The Uses of Diversity. David Ellerman
from Adam Smith onward, a leitmotiv of economics has been the (static) efficiency returns to specialization in the division of labor both in the small and in the large (i.e., the principle of comparative advantage). Efficiency improves by specializing in what one does best, not in diversifying. But, in spite of the weight of that orthodox tradition, the importance of diversity has started to creep into economics through the consideration of knowledge spillover effects. For instance, in Robert E. Lucas’s work on endogenous growth theory, he noted “I will be following very closely the lead of Jane Jacobs, whose remarkable book The Economy of Cities seem to me mainly and convincingly concerned (although she does not use this terminology) with the external effects of human capital” (Lucas 1988, 37).

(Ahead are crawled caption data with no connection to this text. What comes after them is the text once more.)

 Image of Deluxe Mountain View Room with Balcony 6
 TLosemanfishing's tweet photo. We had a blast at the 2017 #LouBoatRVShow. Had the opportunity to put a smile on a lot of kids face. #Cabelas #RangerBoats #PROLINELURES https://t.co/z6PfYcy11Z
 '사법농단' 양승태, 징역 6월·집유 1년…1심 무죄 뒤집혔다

Edward Glaeser and colleagues (1992) have constructed and tested three models of knowledge spillovers in cities. Roughly, the Marshall-Arrow-Romer (MAR) model (Marshall 1920; Arrow 1962; Romer 1986) emphasizes the grouping of firms in the same industry and predicts that local monopoly would outperform local competition due to better internalization of the rewards to innovation. A model associated with Michael Porter (1990) also focused on groupings or clusters of like firms but emphasized local competition. The Jacobs model agrees with Porter on the importance of local competition rather than monopoly but disagrees on the clustering of like firms. As Glaeser writes:
Jacobs (1969), unlike MAR and Porter, believes that most important knowledge transfers come from outside the core industry. As a result, variety and diversity of geographically proximate industries rather than geographical specialization promote innovation and growth. (Glaeser et al. 1992, 1128)

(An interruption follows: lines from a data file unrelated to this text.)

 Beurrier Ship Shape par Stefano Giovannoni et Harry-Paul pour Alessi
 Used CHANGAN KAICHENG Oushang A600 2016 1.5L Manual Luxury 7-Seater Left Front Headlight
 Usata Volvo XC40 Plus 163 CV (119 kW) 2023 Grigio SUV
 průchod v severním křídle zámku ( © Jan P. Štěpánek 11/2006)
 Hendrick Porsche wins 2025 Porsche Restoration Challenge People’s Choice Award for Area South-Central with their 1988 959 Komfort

Glaeser and colleagues use a data set on the growth of large industries in 170 US cities between 1956 and 1987 to test the models and find that the “evidence is . . . negative on MAR, mixed on Porter, and consistent with Jacobs” (Glaeser et al. 1992, 1129). In qualitative terms, they
find that local competition and urban variety, but not regional specialization, encourage employment growth in industries. The evidence suggests that important knowledge spillovers might occur between rather than within industries, consistent with the theories of Jacobs. (Glaeser et al. 1992, 1126)

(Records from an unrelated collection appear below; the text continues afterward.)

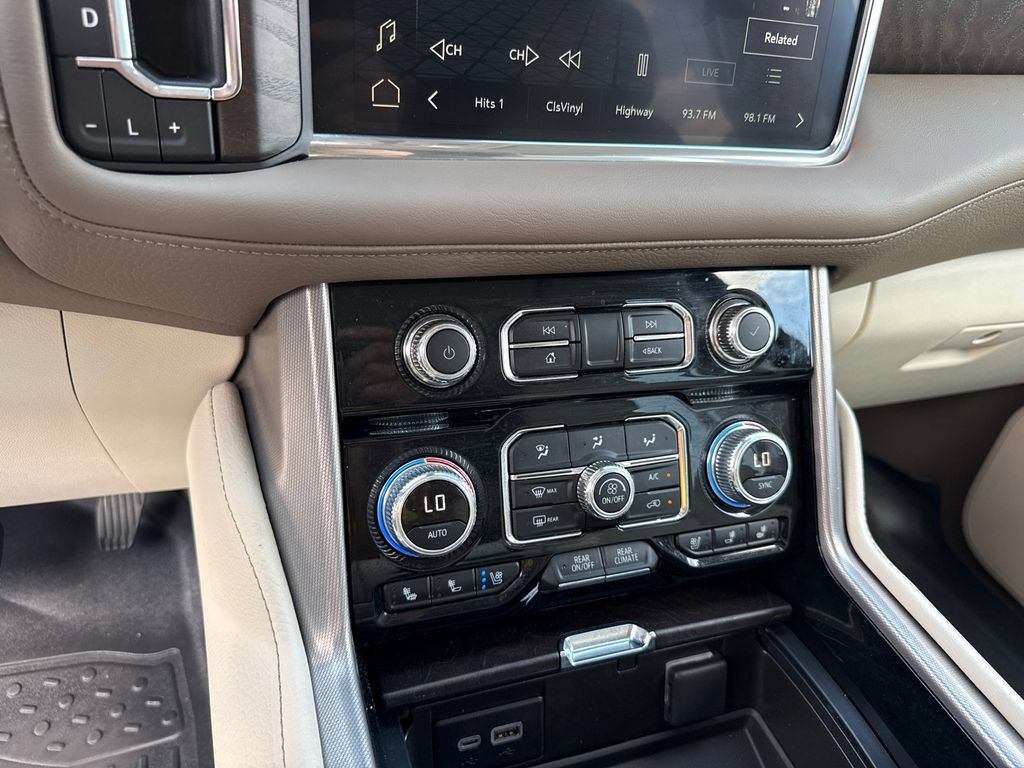 Used 2024 GMC Yukon XL Denali AWD/4WD image 32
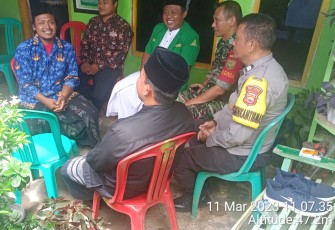 Bhabinkamtibmas Polsek Sukaraja Sambang ke Tokoh Agama dan Tokoh Masyarakat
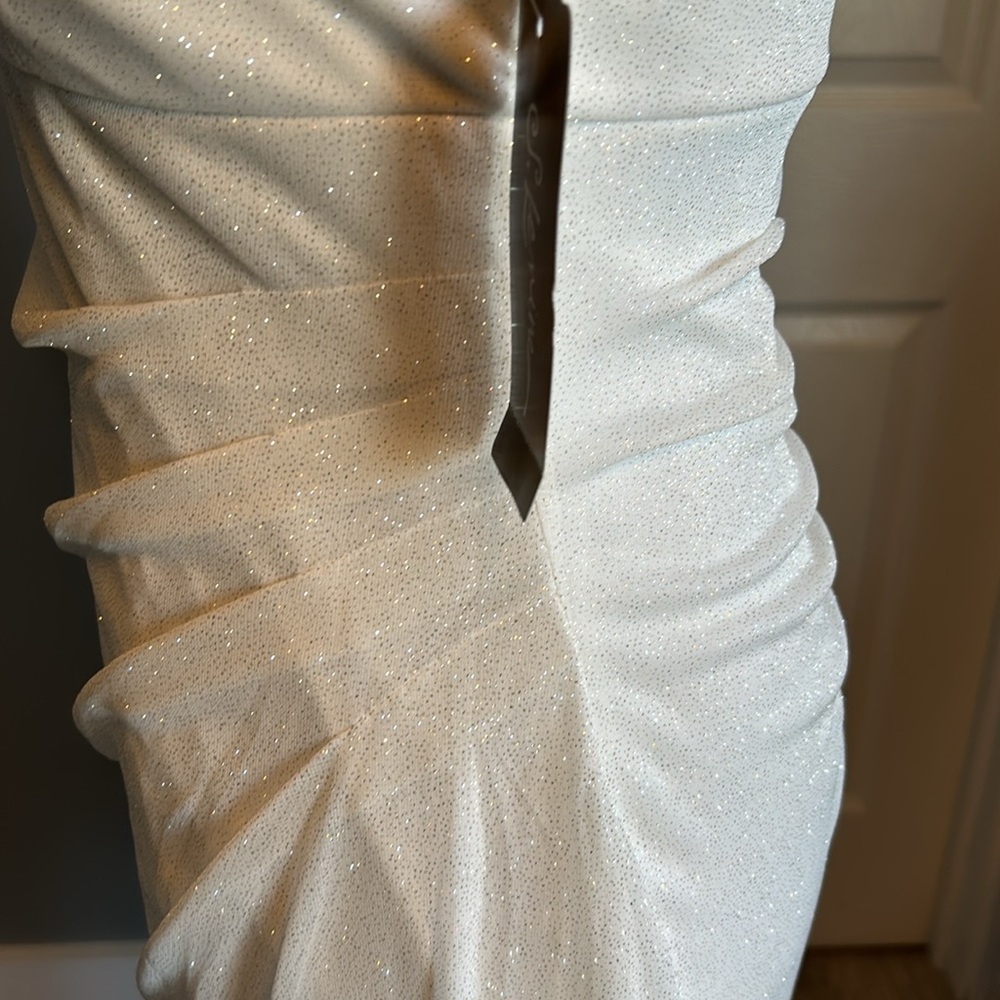 White new dress - Picture 8 of 15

Empirical results that favor Jacobs’s emphasis on diversity continue to come in. Jean Imbs and Romain Wacziarg (2003) report quite robust findings in a bastion of orthodox thought, the American Economic Review, in an article entitled “Stages of Diversification.” They relate sectoral concentration (as a proxy for nondiversification) to per capita income (as a proxy for development) in a variety of settings and find a robust U-shaped relationship. As per capita income increases, sectoral concentration drops over the lower part of the U-shaped curve and then may rise once income reaches a developed country level. Instead of specializing to comparative advantage being the path of development, they find: “Countries diversify over most of their development path” (Imbs and Wacziarg 2003, 64; quoted in Rodrik 2007, 103).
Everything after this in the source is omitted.